City Councilmember Dan Garodnick secured the funding for the kayak and canoe launch at Stuyvesant Cove Park, which stretches from East 18th to 23rd Streets in the East River.
“The Stuyvesant Cove boat launch will give East Siders a new low maintenance way to engage with their waterfront,” Garodnick said. “Paired with the already dynamic Solar One, this area will become one of the more innovative recreational spaces on the East Side.”
City Council matched the $3.5 million in capital funding that the borough president’s office had already raised, securing the $7 million in funding for the Brooklyn Bridge Beach. The beach is the first project of the East River Blueway Plan to receive funding since the proposal was developed by Borough President Scott Stringer, Assemblymember Brian Kavanagh and WXY architecture + urban design earlier this year.
Stringer said that the funds raised would be used as a down payment to develop the 11,000 s/f of space under the Brooklyn Bridge, but he said that there is still no estimate on the project’s cost or a timeline for when it will be completed, although he hinted that the project would receive more funding for storm prevention. “There’s also $15 billion from the federal government to deal with damage from Sandy and protect our city from the next surge,” he said.

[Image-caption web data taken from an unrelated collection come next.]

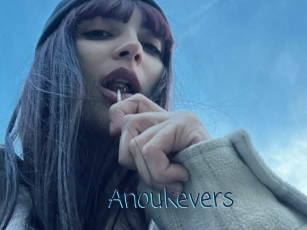 Anoukevers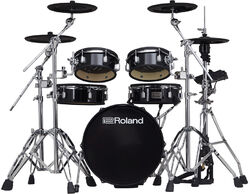 Komplett e-drum set Roland VAD 306 V-DRUMS ACOUSTIC DESIGN 5 FUTS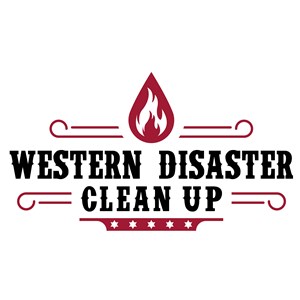 Photo of Western Disaster Clean Up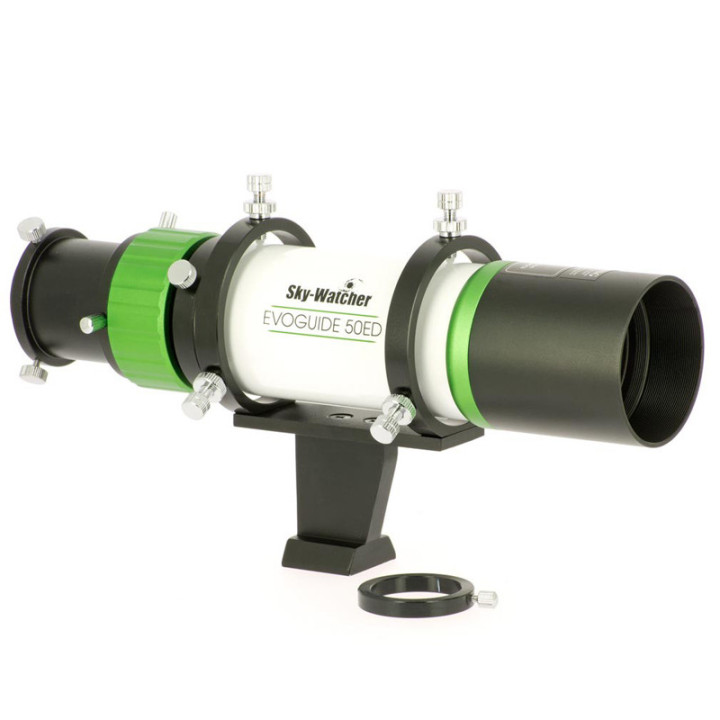 TUBO GUÍA SKY-WATCHER EVOGUIDE ED50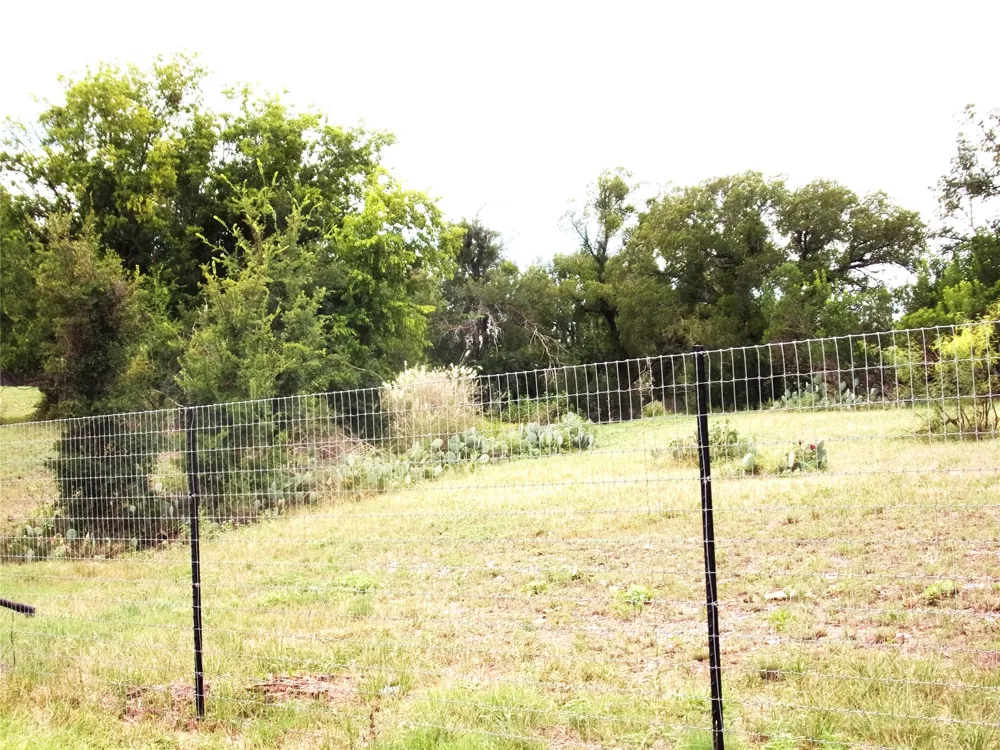 Clear St San Saba, TX 76877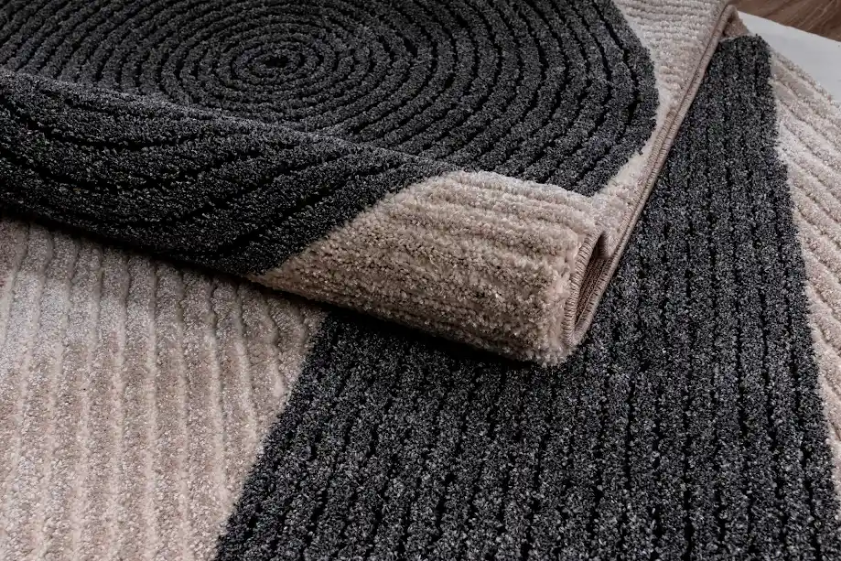 NIRVANA LARGE LIVING ROOM RUG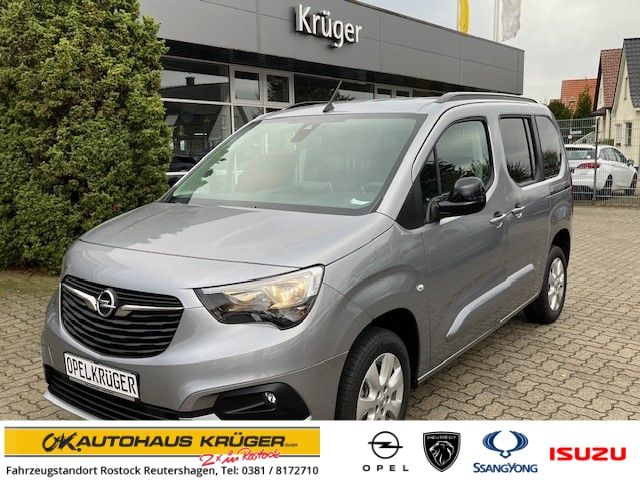 Opel Combo Life E Ultimate *Rückfahrkamera*CarPlay*Me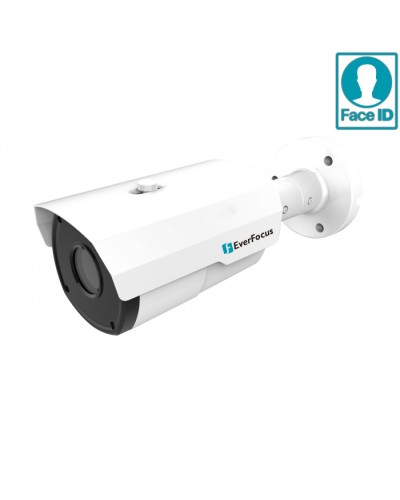 IP-камера видеонаблюдения в стандартном исполнении EverFocus EZN-2550 в Уссурийске IP-камеры Pintop.ru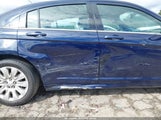 Chrysler 200 Lx 1C3CCBAG1DN726734 fotografie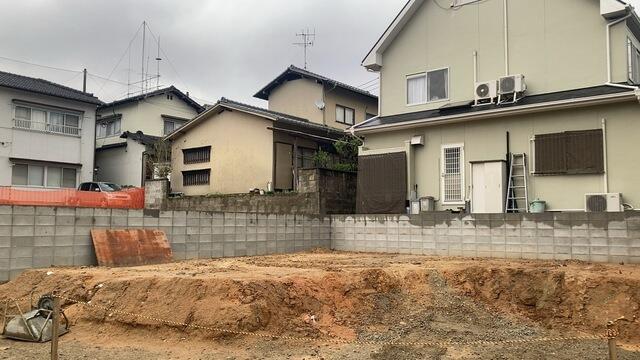 物件画像 福岡市南区 屋形原２丁目 2階建 3SLDK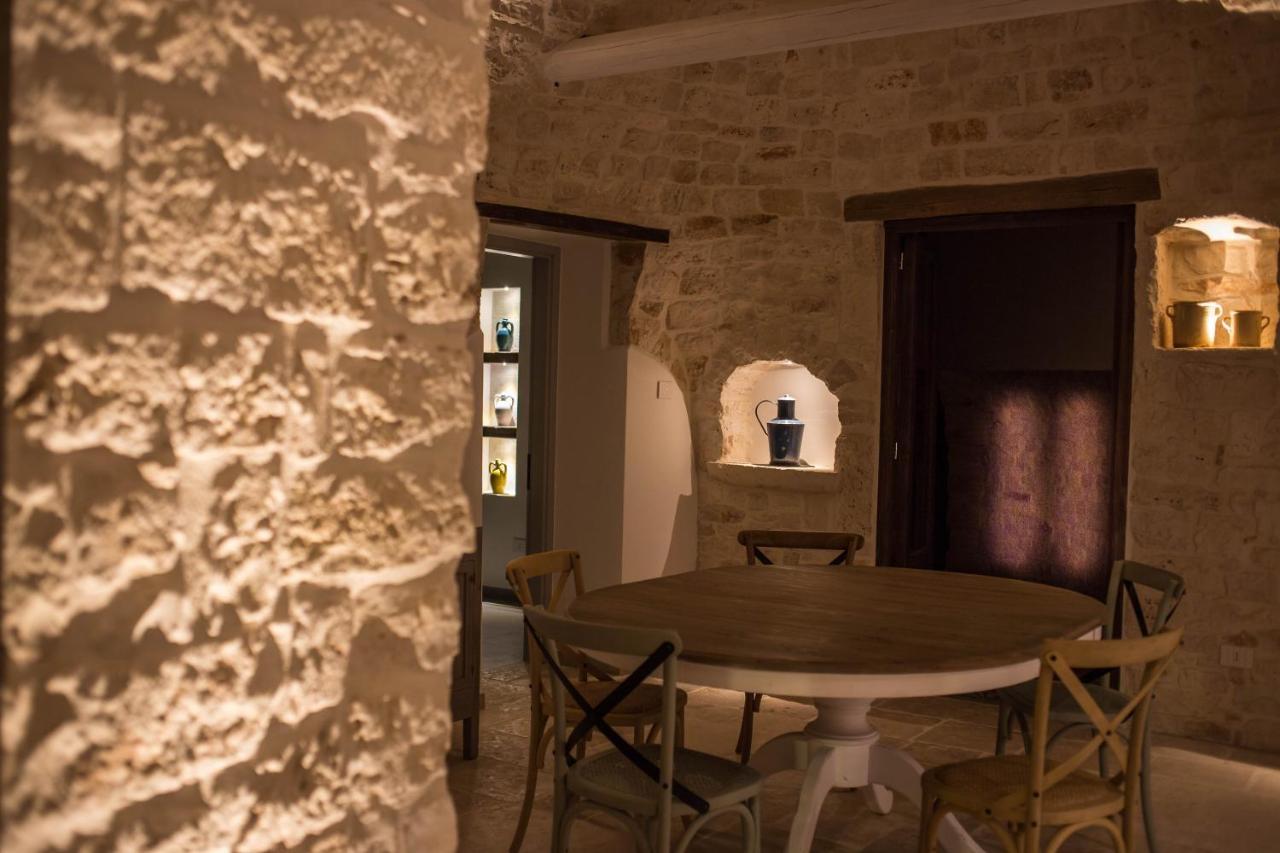 Trullo E Suites Parini 32 Alberobello Exterior photo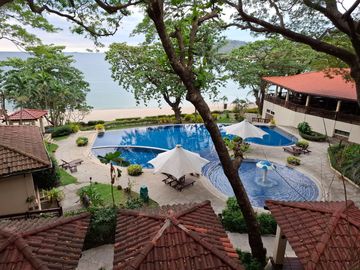 Luxury Beachfront Condo in Nasugbu Batangas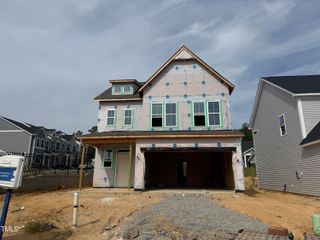 296 Meadowbark Bend 35, Garner, NC 27529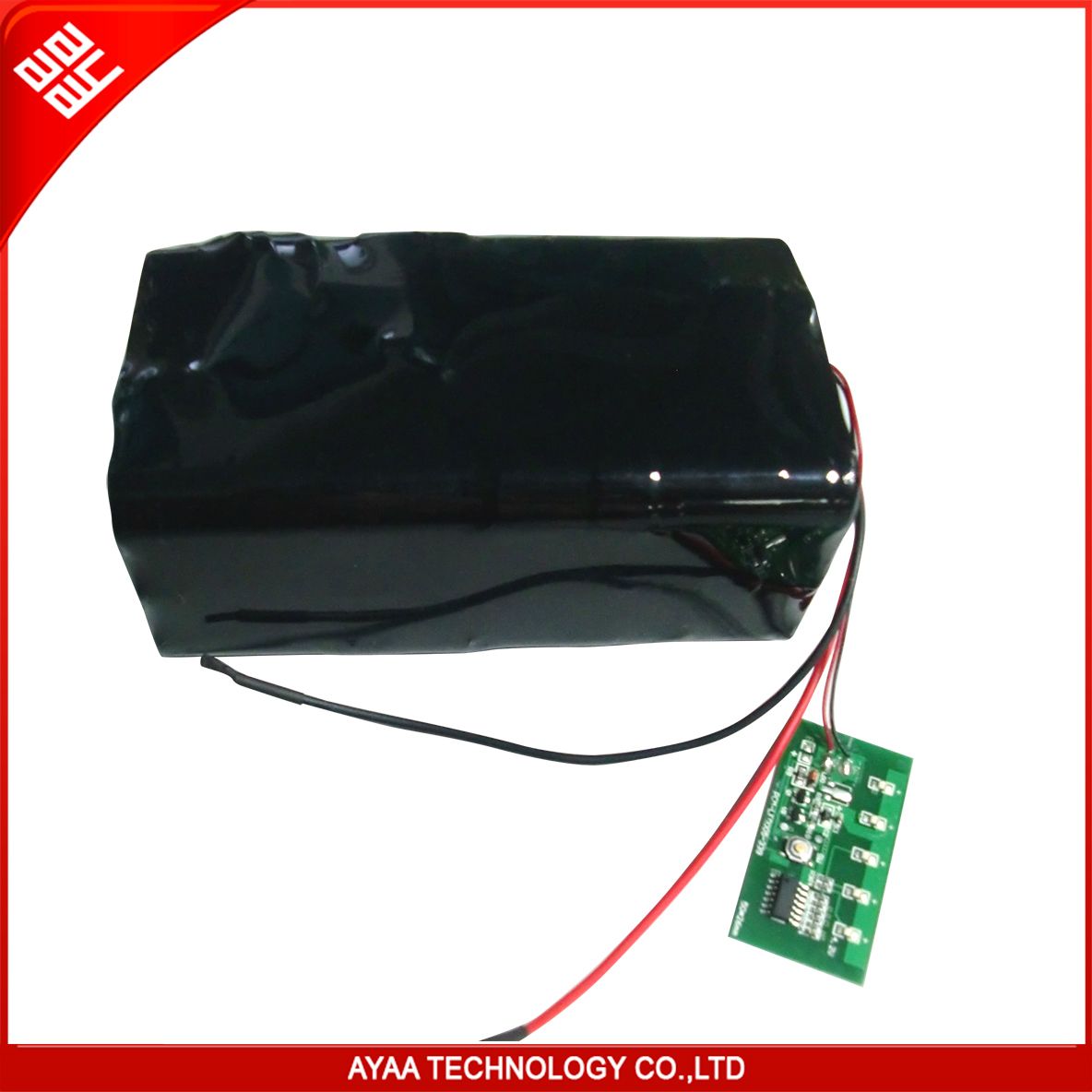 for Samsung 14.8V 15600mAh Lithium Battery Pack with Ayaa-4s6p-156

City Council Speaker Christine Quinn joined Stringer and other elected officials for the announcement, and emphasized the importance of using the waterfront to the city’s advantage.
“The project is important for storm protection and this is a big step in the continued efforts to revitalize the waterfront,” said Quinn.
In addition to the kayak and canoe launch proposed for Stuyvesant Cove Park, the Brooklyn Bridge Beach will have boating available as well, in addition to fishing piers, concession stands and terraced seating.
The beach will be protected from future storms through salt marsh planters and wetlands, as well as stone ripraps and wave attenuation walls to absorb the impact energy of waves.